Syirik dan Khurafat: Kotoran Akidah yang Mematikan
Sebelum membahas kepemimpinan, penting untuk mendefinisikan musuh utama akidah: syirik dan khurafat. Secara singkat, khurafat adalah keyakinan, cerita, atau praktik takhayul yang disisipkan ke dalam agama tanpa dasar dalil yang sahih, seperti percaya pada hari sial, jimat, atau ritual di kuburan yang menyimpang. Sementara syirik—terutama syirik akbar—adalah menyekutukan Allah dalam hal yang menjadi kekhususan-Nya, seperti menyembelih untuk jin, meminta kepada kuburan, atau meyakini dukun bisa mengetahui yang ghaib tanpa izin Allah.
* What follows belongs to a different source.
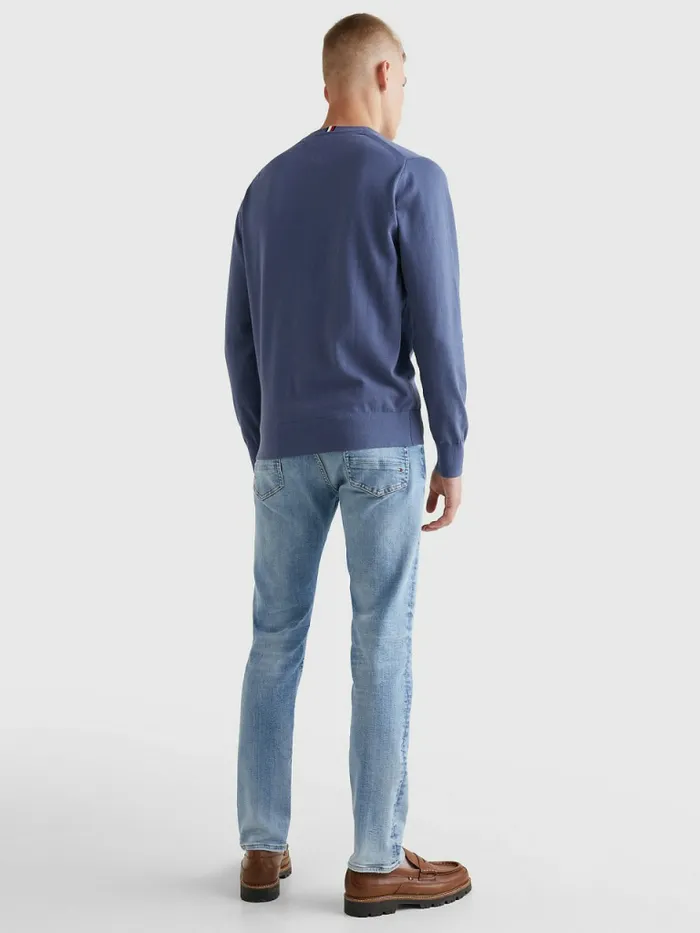 Tommy Hilfiger 1985 Collection Th Flex Sweatshirt Faded Indigo Mens Knitwear Fashion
Kedua hal ini bukanlah kesalahan kecil. Rasulullah ﷺ dengan tegas menyatakan dalam hadits shahih, “Barangsiapa menggantungkan tamimah (jimat), sungguh ia telah berbuat syirik.” Syirik adalah dosa terbesar yang menghapuskan pahala dan—jika pelakunya mati tanpa taubat—menjadikannya kekal di neraka (QS. An-Nisa: 48). Oleh karena itu, membersihkan diri dan masyarakat dari syirik dan khurafat adalah inti dari dakwah tauhid.
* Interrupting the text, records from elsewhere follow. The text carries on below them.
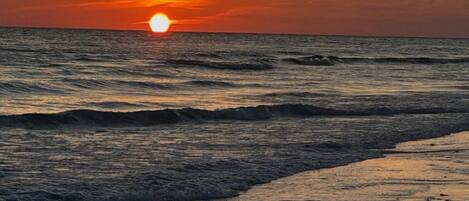 Sun-loungers, beach towels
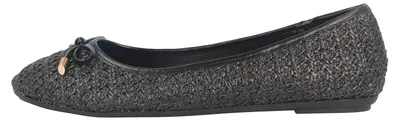 Produktbild von Fitters Footwear Lisett Ballerinas in Übergrößen Schwarz 2BB0882001 Black Polyurethangroße Damenschuhe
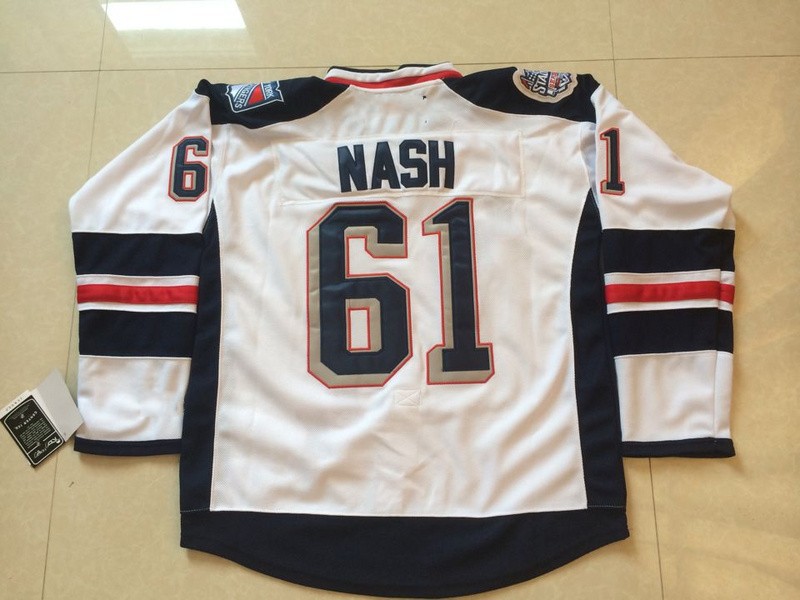 ... Authentic New York Rangers NHL Hockey Jersey # 61 Rick Nash Jersey NY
Bahaya Memilih Pemimpin yang Terindikasi Syirik
Ketika seorang figur terindikasi secara eksplisit melakukan, mendukung, atau membiarkan syirik dan khurafat—baik melalui praktik pribadi, kebijakan, atau dukungan terhadap kelompok penyembah kubur dan perdukunan—maka memilihnya menjadi ancaman serius bagi akidah umat. Bahaya tersebut dapat dirinci sebagai berikut:
1. Mendukung dan Mengokohkan Kemaksiatan Terbesar
Memilih seorang pemimpin yang dikenal melakukan syirik sama dengan memberikan legitimasi kekuasaan dan suara untuk mendirikan kemaksiatan terbesar di muka bumi. Ini bertentangan langsung dengan prinsip al-wala’ wal bara’ (loyalitas dan berlepas diri) yang mewajibkan seorang Muslim berlepas diri dari kesyirikan dan pelakunya. Loyalitas dalam Islam harus diberikan kepada Allah, Rasul-Nya, dan orang-orang beriman, bukan kepada pelaku syirik yang secara terang-terangan memerangi tauhid.
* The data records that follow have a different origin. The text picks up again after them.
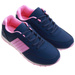 Granatowo różowe damskie buty sportowe /G5-2 17417 T301/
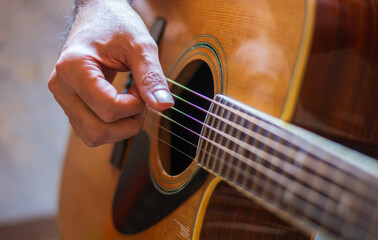 Sticker - wonderful hands on the strings of the classical guitar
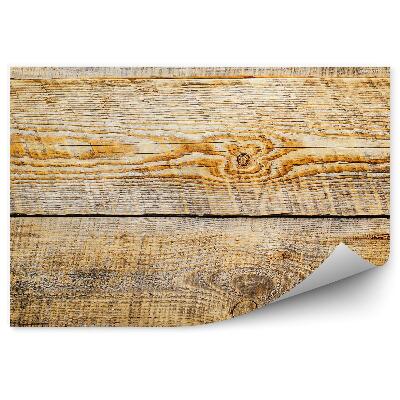 Papier peint Planches en bois avec rainures visibles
2. Menghalangi Penegakan Tauhid
Tugas utama pemimpin Muslim adalah menjadi pelindung dan penegak tauhid. Bagaimana mungkin seorang yang terlibat syirik dapat menjalankan fungsi ini? Justru, kepemimpinannya akan menjadi penghalang terbesar bagi dakwah tauhid. Ia akan membiarkan—bahkan mungkin menyuburkan—praktik bid’ah, khurafat, dan kesyirikan di tengah masyarakat. Dakwah kepada tauhid akan dihadapkan pada tembok kekuasaan yang melindungi kemusyrikan.
3. Mengundang Kemurkaan dan Azab Allah
Kepemimpinan adalah amanah dari Allah. Menyerahkan amanah ini kepada orang yang jelas-jelas memusuhi Allah dengan kesyirikannya adalah pengkhianatan yang dapat mendatangkan azab kolektif. Nabi ﷺ bersabda, “Tidaklah suatu kaum melakukan kemaksiatan, sementara di tengah-tengah mereka ada orang yang lebih mampu menghentikannya, namun mereka tidak menghentikannya, melainkan Allah akan meratakan azab dari-Nya kepada mereka” (HR. Abu Dawud, hasan). Pemimpin pelaku syirik yang dibiarkan berkuasa adalah pintu bagi turunnya bencana dan kesengsaraan bagi seluruh rakyat.
4. Kerusakan Sistemik dalam Pemerintahan
Syirik dan khurafat adalah ibu dari segala kerusakan akal dan moral. Pemimpin yang percaya pada pertanda buruk (thiyarah), dukun, atau ramalan akan mengambil keputusan berdasarkan khayalan, bukan berdasarkan data, musyawarah, dan hukum syar’i. Kebijakan yang lahir dari pikiran syirik cenderung zalim, tidak adil, dan penuh ketidakjelasan, sehingga merusak tata kelola negara, ekonomi, dan keamanan.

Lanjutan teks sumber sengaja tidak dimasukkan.